Corresponding author: Mohamed M. M. El-Sokary

E-mail: mohamed.alsokary@fvtm.bu.edu.eg

Citation: El-Sokary MMM, El-Naby AAH, El Hameed ARA, Mahmoud KGM, Scholkamy TH (2021) Impact of L-carnitine supplementation on the in vitro developmental competence and cryotolerance of buffalo embryos, Veterinary World, 14(12): 3164-3169.
Abstract

Background and Aim: Despite many trials, buffalo embryos have poor cryosurvivability because of their high lipid content. L-carnitine was found to be a lipid-reducing agent when added to oocyte and embryo culture media.
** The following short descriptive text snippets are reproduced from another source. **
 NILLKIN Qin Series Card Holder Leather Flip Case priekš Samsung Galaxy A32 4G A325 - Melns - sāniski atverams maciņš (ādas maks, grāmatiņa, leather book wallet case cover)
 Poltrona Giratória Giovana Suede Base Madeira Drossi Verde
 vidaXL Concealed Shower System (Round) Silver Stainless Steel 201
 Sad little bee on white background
The study aimed to determine the most effective concentration of L-carnitine to improve the oocyte developmental competence and cryotolerance of buffalo embryos.

Materials and Methods: In vitro maturation and embryo culture media were supplemented with four concentrations of L-carnitine: 0 (control), 0.25, 0.5, and 1 mM. Good-quality embryos on 7 days were vitrified using mixtures of dimethyl sulfoxide and ethylene glycol at two concentrations (3.5 and 7 M).
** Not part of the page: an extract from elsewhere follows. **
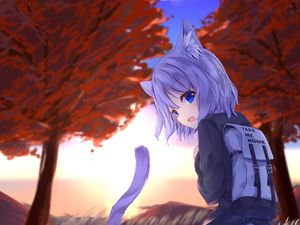 Preview wallpaper girl, neko, tail, backpack, anime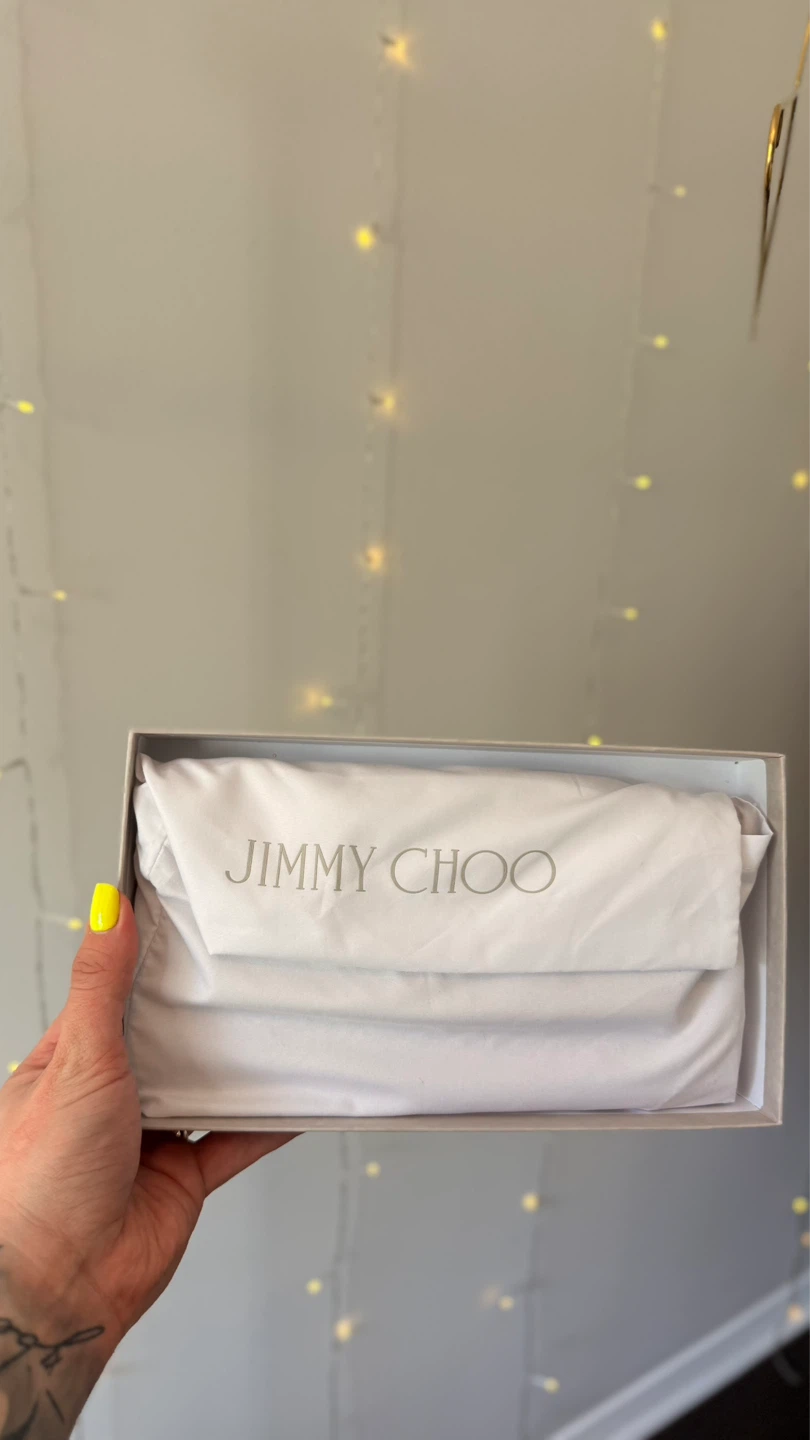 Jimmy Choo Margot Chain Clutch–Tea Rose Glitter | BNIB - photo 3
Results: The result showed that the cleavage and morula rates were significantly (p<0.05) higher in the 0.5 mM group. Blastocyst rates were significantly (p<0.05) higher at both 0.5 and 1 mM. The rates of viable embryos directly after thawing were significantly (p<0.05) increased in the 0.5 mM group. No significant difference was found in embryos cultured for 24 h after warming among all the groups.

Conclusion: The addition of L-carnitine at a concentration of 0.5 mM to the culture media improves the oocyte developmental competence and cryotolerance of buffalo embryos directly after warming but not after 24 h of culture. Nevertheless, further studies must identify how L-carnitine exerts its beneficial micromechanisms.

Keywords: antioxidant, buffalo embryos, cryotolerance, L-carnitine.